Perhaps we should consider the first priority in achieving a Basic Income, to be proving the existence of a national profitability by measuring it in national accounts? Once a national profit is measured and in this way proven, nothing will prevent the logical follow-on of the question “to whom should this belong?” We shall have to prove the profit in order to provoke this question. Once understood, no response other than that it belongs to the people (the real shareholders of our economy), will be tenable in any democracy.
The basic income can be achieved in large measure by distributing the national profit as a dividend, rather than only enabling its consumption through increasing our debt each year by the magnitude of that profit. Who would have thought that the bane of modern monopoly capitalism, was to be had through producing some books of account?
These accounts need not necessarily be done by Government agencies; a small body of people with accounting skills can manage them, and then the Government will have to argue the negative case. If we can measure a surplus we can prove its existence. If a profit exists, it is always the property of the shareholders. But who are a Nation’s shareholders? May I suggest, only proper persons who each hold by right, one share and one vote.

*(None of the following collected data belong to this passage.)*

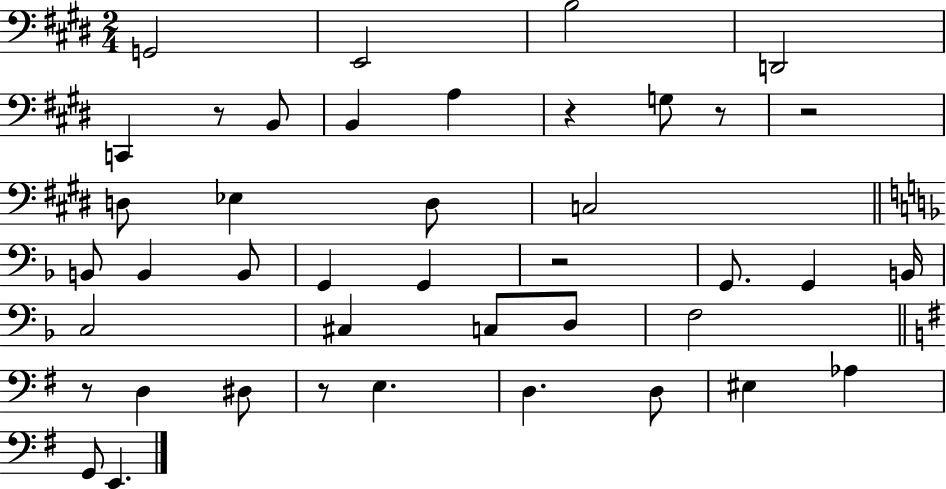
X:1
T:Untitled
M:2/4
L:1/4
K:E
G,,2 E,,2 B,2 D,,2 C,, z/2 B,,/2 B,, A, z G,/2 z/2 z2 D,/2 _E, D,/2 C,2 B,,/2 B,, B,,/2 G,, G,, z2 G,,/2 G,, B,,/4 C,2 ^C, C,/2 D,/2 F,2 z/2 D, ^D,/2 z/2 E, D, D,/2 ^E, _A, G,,/2 E,,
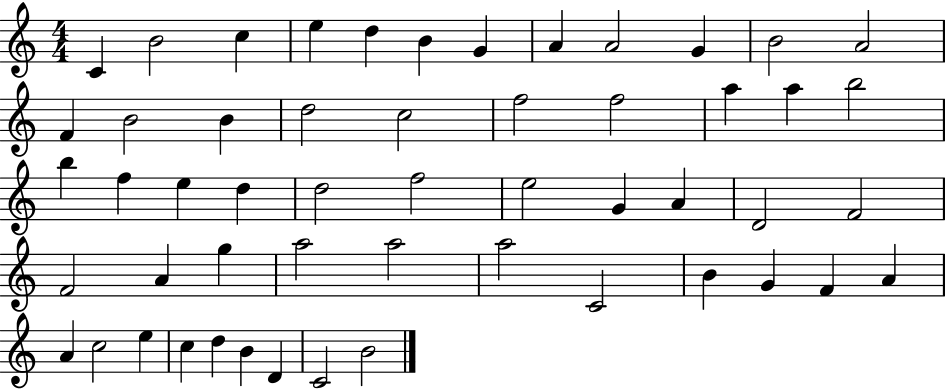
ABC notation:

X:1
T:Untitled
M:4/4
L:1/4
K:C
C B2 c e d B G A A2 G B2 A2 F B2 B d2 c2 f2 f2 a a b2 b f e d d2 f2 e2 G A D2 F2 F2 A g a2 a2 a2 C2 B G F A A c2 e c d B D C2 B2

In economics the books of account are the narrative. For this reason the books dominate economic policy. Whoever does the Balance Sheet and Profit and Loss Accounts presupposes all the conclusions which logically flow from them. In the corporate world it is a case of “The Accountants rule; OK!” In the political economy of capitalism as we know it, the private Banks’ funding of our profit measured in the National Accounts, provides them with the one ring which rules them all.
Do any of you know the whereabouts of a few hobbits with accounting skills?
The final thing I would like to do, is to put all this into an historical perspective. In each age there is a key sanction to which all other powers give obeisance. In times such as the Roman Empire the key sanction was the military one. If you had the support and the affections of the Legions you ruled the World.
With the collapse of Rome communications and transport systems atrophied. Your life depended on wool, foods and building material etc. usually within about ten miles of your home. The Feudal system was built on a key sanction too; the local monopoly of land which was in the hands of the Lord of the Manor.
When the ships sailed the oceans and rivers of Europe again, and roads reopened, wheat, wine, honey and luxury items could cheaply be brought from hundreds of miles away. The local monopoly of land weakened and the mercantile system arose.
The reorganisation of commerce on a grand scale and across national borders required letters of credit, and a bankers’ monopoly of credit became ascendant in time. Money became the key directive sanction which predominated into present times. These were “sea changes” which came as the key sanction in society changed.
Another is now on the cusp of a new dominance. A hundred years ago, convincing people that banks created money was met with incredulity. Now all the textbooks and financial pages accept and report this daily. Soon we will all know that our economies are innately profitable, and that this great boon is now appropriated by a system which finances us to have it, but only through debt to a credit monopoly.
This coming key sanction is growing daily; it is already a towering phenomenon at our shoulders. It is the power of public knowledge and awareness in the Information Age. The sanction of information will be resisted. It will not however, be denied!